At Calcey, we recently found ourselves having to deal with linking a legacy system with a new information system on behalf of a client. In order to avoid complications, we explored the possibility of deploying Kafka within a docker container.

What is Kafka?

Kafka is an open-source, fault-tolerant event streaming platform. Kafka can help bridge the information gap between legacy systems and newer systems. Imagine a situation where you have a newer, better system that needs data from an older, legacy system. Kafka can fetch this data on behalf of the developer without the need to build an actual connection between the two systems.

Kafka, therefore, will behave as an intermediary layer between the two systems.

In order to speed things up, we recommend using a ‘Docker container’ to deploy Kafka. For the uninitiated, a ‘Docker container’ is a lightweight, standalone, executable packages of software that include everything needed to run an application: code, runtime, system tools, system libraries, and settings.

To deploy Kafka, three pieces of the puzzle need to fall in place: the ZooKeeper server, Kafka server, and a connector to the data source. In addition, we will be making use of SQL server’s Change Data Capture (CDC) feature to feed data into Kafka. CDC records any insertion, updating, and deletion activity that is applied to a SQL Server table. This makes the details of the changes available in an easily consumed relational format. But that’s a topic for another day.
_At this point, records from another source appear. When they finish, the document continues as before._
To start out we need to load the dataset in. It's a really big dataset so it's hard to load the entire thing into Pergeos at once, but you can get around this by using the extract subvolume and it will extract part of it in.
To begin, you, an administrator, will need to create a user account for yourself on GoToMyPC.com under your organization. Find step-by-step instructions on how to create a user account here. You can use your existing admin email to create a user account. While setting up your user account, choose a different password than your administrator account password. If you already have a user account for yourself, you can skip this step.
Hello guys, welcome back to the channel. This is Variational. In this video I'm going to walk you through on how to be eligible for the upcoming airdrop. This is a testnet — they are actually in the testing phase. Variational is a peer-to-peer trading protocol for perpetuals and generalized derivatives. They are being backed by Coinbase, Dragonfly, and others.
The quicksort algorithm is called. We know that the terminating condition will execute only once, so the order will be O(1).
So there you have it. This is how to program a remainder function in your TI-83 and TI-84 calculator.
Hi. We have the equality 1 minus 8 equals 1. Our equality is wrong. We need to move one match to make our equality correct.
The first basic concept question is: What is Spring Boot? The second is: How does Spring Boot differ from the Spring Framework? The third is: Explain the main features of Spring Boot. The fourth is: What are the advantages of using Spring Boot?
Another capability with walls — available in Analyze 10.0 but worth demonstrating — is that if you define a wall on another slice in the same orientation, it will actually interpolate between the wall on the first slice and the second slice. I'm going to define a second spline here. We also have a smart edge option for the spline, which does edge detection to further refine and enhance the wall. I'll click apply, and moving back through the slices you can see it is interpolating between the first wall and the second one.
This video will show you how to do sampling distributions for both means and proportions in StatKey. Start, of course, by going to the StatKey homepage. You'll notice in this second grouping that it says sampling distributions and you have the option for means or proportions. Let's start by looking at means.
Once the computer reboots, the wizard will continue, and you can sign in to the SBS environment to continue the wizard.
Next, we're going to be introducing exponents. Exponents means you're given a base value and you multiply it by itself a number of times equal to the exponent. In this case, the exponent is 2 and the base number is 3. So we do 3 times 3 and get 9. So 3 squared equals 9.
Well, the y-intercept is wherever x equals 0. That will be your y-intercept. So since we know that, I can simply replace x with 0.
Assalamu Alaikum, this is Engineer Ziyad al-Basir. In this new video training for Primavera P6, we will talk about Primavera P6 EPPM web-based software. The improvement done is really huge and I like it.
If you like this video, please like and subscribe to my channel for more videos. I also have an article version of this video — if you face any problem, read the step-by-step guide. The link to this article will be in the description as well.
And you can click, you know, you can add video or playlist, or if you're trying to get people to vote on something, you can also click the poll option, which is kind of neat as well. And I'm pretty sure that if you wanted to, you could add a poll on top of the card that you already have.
The easiest way to set all this up is to use Debezium. We recommend using the Debezium image which can be downloaded from https://debezium.io/docs/tutorial/. This image will allow you to configure ZooKeeper, Kafka and the Connector in one go.

With both ZooKeeper and Kafka now set up, all you have to do is tell Kafka where your data is located. To do so, you can connect Kafka to a data source by means of a ‘connector’. While there is a wide range of connectors available to choose from, we opted to use the SQLServer connector image created by Debezium. Once a connection is established with the data source, pointing the connector back to the Kafka server will ensure that all changes are persisted with.

And that’s all there is to deploying Kafka in a Docker Container!